__Input data__:
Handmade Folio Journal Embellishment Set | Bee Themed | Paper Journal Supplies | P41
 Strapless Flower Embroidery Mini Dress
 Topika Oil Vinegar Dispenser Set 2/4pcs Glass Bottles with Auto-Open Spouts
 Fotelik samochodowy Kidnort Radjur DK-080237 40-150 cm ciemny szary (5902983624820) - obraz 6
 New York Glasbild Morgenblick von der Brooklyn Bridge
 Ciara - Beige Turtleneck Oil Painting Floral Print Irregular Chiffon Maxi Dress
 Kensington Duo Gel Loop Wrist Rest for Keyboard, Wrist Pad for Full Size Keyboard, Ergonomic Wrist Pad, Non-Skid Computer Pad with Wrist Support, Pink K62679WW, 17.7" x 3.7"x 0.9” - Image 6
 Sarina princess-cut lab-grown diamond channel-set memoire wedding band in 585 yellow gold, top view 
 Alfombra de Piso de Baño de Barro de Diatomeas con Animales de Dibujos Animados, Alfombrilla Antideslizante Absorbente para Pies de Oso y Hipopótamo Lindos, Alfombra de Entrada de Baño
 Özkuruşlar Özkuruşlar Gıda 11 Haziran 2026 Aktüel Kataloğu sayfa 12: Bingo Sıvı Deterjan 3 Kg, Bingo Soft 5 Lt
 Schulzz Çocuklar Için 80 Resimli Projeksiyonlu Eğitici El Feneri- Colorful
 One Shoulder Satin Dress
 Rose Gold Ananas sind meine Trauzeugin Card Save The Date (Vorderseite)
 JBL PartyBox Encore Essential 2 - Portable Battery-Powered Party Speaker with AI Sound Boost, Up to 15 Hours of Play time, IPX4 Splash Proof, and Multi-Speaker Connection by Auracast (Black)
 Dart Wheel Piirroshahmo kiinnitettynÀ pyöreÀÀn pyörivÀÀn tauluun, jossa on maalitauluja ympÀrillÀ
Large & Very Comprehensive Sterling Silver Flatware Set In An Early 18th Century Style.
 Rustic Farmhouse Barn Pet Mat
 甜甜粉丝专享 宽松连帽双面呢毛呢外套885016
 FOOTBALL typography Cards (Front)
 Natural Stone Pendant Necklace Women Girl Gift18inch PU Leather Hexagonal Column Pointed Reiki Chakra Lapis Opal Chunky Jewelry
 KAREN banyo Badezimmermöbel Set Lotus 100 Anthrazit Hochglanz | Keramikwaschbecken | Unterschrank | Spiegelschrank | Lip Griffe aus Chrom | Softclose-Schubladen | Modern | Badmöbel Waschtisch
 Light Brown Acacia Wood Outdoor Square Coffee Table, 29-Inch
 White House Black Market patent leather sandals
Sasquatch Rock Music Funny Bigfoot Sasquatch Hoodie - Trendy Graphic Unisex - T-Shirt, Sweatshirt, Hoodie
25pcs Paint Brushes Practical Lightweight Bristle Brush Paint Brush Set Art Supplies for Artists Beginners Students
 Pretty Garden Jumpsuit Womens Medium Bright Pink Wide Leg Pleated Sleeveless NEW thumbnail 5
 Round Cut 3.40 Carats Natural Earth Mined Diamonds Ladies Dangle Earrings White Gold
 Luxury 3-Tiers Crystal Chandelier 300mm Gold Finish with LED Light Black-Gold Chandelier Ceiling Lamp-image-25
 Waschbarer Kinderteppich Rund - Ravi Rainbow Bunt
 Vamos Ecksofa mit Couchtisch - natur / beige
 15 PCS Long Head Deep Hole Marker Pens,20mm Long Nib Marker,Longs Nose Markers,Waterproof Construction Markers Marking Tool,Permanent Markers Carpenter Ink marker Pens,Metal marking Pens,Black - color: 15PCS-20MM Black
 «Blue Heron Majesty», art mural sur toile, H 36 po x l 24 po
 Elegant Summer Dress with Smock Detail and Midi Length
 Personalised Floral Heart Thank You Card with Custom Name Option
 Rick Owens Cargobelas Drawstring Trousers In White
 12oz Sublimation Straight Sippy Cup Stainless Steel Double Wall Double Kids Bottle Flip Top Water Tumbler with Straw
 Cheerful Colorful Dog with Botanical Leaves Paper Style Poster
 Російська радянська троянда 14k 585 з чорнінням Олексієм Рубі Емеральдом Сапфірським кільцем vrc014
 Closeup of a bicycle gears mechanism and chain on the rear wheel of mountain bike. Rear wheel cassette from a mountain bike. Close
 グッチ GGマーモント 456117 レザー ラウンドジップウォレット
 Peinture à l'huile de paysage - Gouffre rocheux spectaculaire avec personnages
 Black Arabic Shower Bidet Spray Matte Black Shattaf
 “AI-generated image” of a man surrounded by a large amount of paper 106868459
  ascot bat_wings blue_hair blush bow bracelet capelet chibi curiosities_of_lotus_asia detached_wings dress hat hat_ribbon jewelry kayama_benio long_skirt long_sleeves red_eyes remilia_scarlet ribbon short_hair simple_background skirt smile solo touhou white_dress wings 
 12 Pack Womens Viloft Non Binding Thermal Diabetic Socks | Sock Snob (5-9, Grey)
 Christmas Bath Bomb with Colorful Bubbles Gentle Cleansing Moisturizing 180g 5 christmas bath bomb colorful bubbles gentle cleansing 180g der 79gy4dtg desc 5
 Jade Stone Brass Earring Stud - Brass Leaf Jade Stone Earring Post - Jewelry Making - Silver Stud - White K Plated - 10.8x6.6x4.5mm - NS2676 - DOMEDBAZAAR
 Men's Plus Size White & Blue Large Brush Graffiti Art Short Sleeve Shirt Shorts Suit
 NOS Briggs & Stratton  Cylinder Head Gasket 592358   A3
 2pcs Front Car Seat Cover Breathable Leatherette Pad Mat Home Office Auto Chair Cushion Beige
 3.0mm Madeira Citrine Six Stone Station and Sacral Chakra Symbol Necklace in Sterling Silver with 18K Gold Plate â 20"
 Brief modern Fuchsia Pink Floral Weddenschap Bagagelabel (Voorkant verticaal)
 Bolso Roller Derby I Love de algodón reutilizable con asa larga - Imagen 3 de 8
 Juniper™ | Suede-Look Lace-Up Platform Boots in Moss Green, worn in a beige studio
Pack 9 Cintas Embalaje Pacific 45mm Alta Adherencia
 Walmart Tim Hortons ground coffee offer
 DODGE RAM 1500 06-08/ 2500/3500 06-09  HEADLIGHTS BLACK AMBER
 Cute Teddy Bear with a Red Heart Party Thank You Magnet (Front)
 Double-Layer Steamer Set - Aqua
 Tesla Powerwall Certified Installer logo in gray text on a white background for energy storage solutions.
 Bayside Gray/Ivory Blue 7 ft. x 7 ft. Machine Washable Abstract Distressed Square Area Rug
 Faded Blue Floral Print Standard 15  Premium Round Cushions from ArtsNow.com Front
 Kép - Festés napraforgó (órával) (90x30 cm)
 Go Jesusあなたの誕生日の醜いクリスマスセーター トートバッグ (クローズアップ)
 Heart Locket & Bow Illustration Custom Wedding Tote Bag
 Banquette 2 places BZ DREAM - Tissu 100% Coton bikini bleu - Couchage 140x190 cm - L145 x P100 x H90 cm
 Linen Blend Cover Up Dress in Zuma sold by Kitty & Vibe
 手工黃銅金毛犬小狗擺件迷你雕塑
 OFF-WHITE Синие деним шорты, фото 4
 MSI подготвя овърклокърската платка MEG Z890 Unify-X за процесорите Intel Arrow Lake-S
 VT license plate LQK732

__Required action__:
Every line of the records containing the word "Style" must appear in the answer.

__Written reply__:
Large & Very Comprehensive Sterling Silver Flatware Set In An Early 18th Century Style.
 Cheerful Colorful Dog with Botanical Leaves Paper Style Poster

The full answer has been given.